The Shadow King

I have a fascination with random photos and ephemera, even if (especially if?) I have no connection to the people or events documented. Some examples of accounts I follow: @dear.fran, @oldirelandincolour, @oldschoolmoms, @owasowfoundphotos, @savefamilyphotos, @classicmyerspark. What others choose to document or save interests me to no end.

Here's what I thought about while reading The Shadow King by Maaza Mengiste: While the small details of someone’s story might mean a lot to the individual, these specifics are almost always either tossed aside into total obliteration or reduced to a quick narrative arc. But, really, it’s the particulars that give us the most “human” story. This Booker-longlisted novel (2020) is Mengiste’s documentation of the Second Italo-Ethiopian War/Italian Invasion immediately before the eruption of WWII. Specifically, she highlights the Ethiopian women who fought. In fact, in her research (which included photographic archival research), she discovered that her own great-grandmother had fought the occupying Italian army. And she gives us the character of Ettore, a Jewish-Italian war photographer, whose photos provide color to an overarching historical narrative. “Every photograph has become a broken oath with himself, a breach in the defenses he set up to ignore what he really is: an archivist of obscenities, a collector of terror, a witness to all that breaks skin and punctures resolve and leaves human beings dead.” The photos bear witness to and convey the truth and what something “really looks like.”

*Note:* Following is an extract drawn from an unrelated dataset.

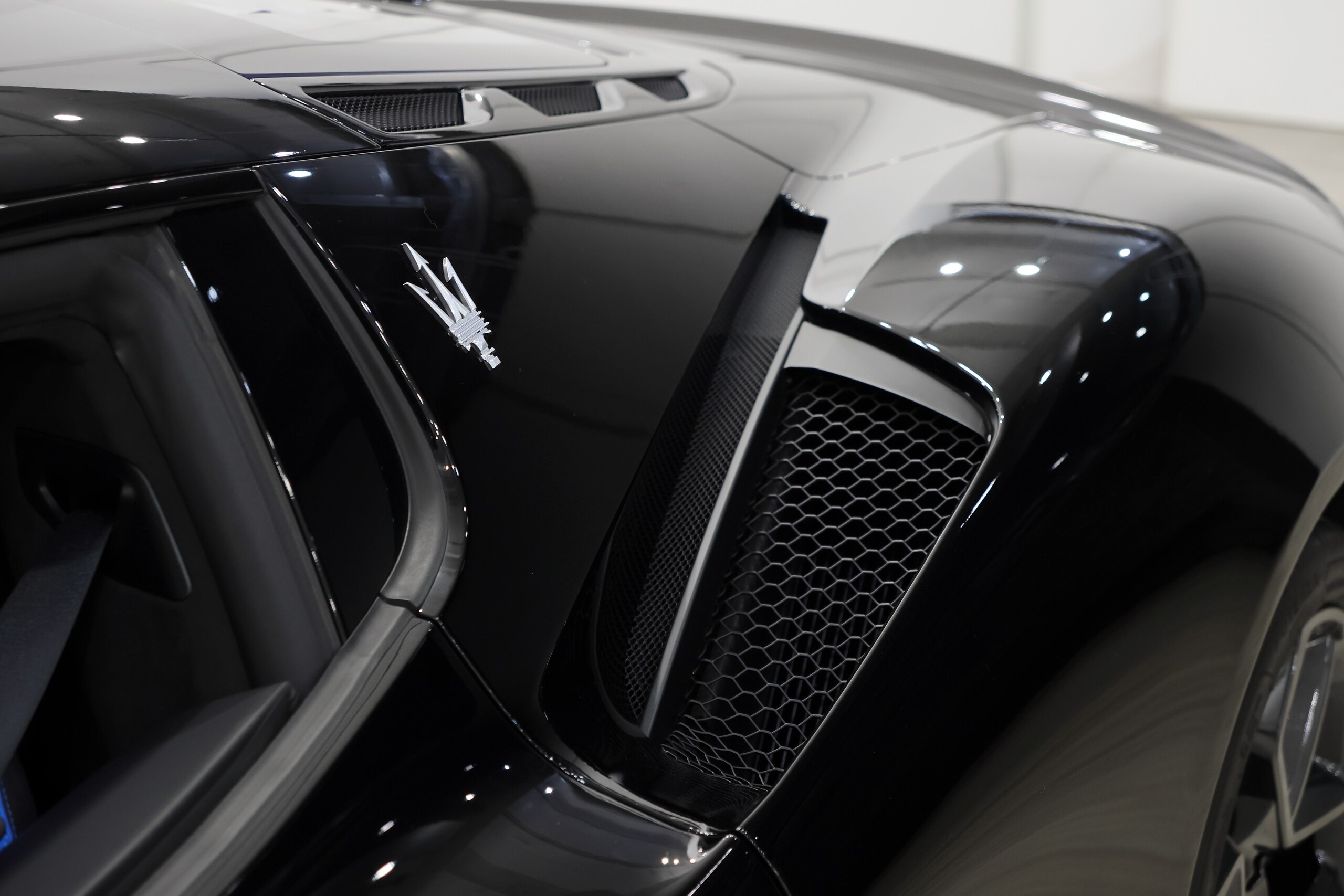 2022 Maserati MC20 - マセラティ MC20 3.0 1年保証・カーボンセラミックブレーキ・カーボンエンジンカバー・カーボンリアスポイラー・カーボンインテリアパッケージ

Interviews with Mengiste reveal how important the photographic research really was to her writing, but also how careful she was to understand that while photos can help us understand something beyond the basic narrative, unknowns and particulars will always remain. "I have to see what is there without smoothing out the rough edges of history. It is too easy to put myself into the photograph and reach into the past to settle the pieces into some reassuring order," she said in an interview with the CBC.

Fiction + photography as literary device = a multimedia history lesson?